Income Tax Appellate Tribunal - Mumbai

Dr. (Mrs.) R.M. Captain vs Wealth-Tax Officer on 29 September, 1986

Equivalent citations: [1987]20ITD419(MUM)

ORDER

M.A. Ajinkya, Accountant Member

1. These two appeals, one by the assessee and the other by the department were heard together and they are disposed of by a consolidated order.

WT Appeal No. 787:

2. This is an appeal against the order of the Commissioner (Appeals)-VIII, Bombay, for the assessment year 1981-82. The assessee was a partner in a partnership firm called Himalaya Drug Co. The wealth-tax assessment for the assessment year 1981-82 for which the relevant valuation date is 31-3-1981 was completed by the First WTO, Asstt. Cir. VI, Bombay on 30-8-1983 on a net wealth of Rs. 55,81,122. The WTO determined the value of the assessee's interest in the firm in terms of Rules 2 and 2A to 2G of the Wealth-tax Rules, 1957 ('the Rules'). He specifically referred to Rule 2E to hold that amounts appearing in the balance sheet of the firm by way of development rebate reserve, investment allowance reserve, etc., could not be included in computing the net wealth of the firm. A claim was made before the WTO for deduction of gratuity reserve liability. The WTO held that Rule 2E provided that provision for any purpose other than taxation shall be treated as a reserve. Therefore, the amount standing to the credit of the account called 'gratuity reserve liability' was covered by the provisions of Rule 2E(b) or 2E(c) and Explanation to Rule 2E. Accordingly, such amount could not be treated as liability to be deducted from the net wealth of the firm. Consequently, the WTO added one-third of this amount in determining the value of the assessee's one-third interest in the firm.
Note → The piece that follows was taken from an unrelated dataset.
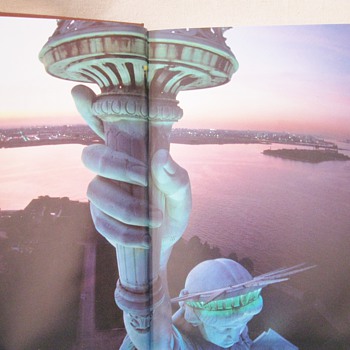 1886 – 1986 Anniversary Statue of Liberty Lapel Pin & The Statue and the American Dream Book - Books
Thus, the WTO treated development rebate reserve, gratuity reserve liability and investment allowance reserve amounting in all to Rs. 47,35,192 as a liability and added one-third of the above amount (Rs. 15,78,397) to the net wealth of the assessee.

3. The matter was taken in appeal by the assessee where several authorities were cited. The Commissioner (Appeals) held that the authorities relied upon by the assessee's representative do not support the contention that Rule 2E to 2G do not come into play while working out the net assets of the partnership under Rule 2. The Commissioner (Appeals) relied on the decision of the Madras High Court in the case of CWT v. S. Ramaswami [1983] 140 ITR 606 which expressly stated that 'both Rule 1D read with Explanation II (ii)(b) and Rule 2 read with Rule 2E (c) of the Wealth-tax Rules expressly exclude from the computation of the net wealth of the companies or of partnerships, all contingent liabilities'. The Commissioner (Appeals) also held that the valuation of the net wealth of the partnership will be made on global method subject to the adjustments specified in Rule 2B to 2G. Reserves like development rebate reserve and investment allowance reserve cannot be deducted. Ho took note of the fact that the assessee had not set up an approved gratuity fund. Although the assessee's representative argued that the liability had been worked out on a scientific basis, such basis had not been furnished to the Commissioner (Appeals). The Commissioner (Appeals) relied on the decision of the Supreme Court in Bombay Dyeing & Mfg. Co. Ltd. v. CWT [1914] 93 ITR 603 and dismissed the appeal of the assessee. Hence, this appeal before us.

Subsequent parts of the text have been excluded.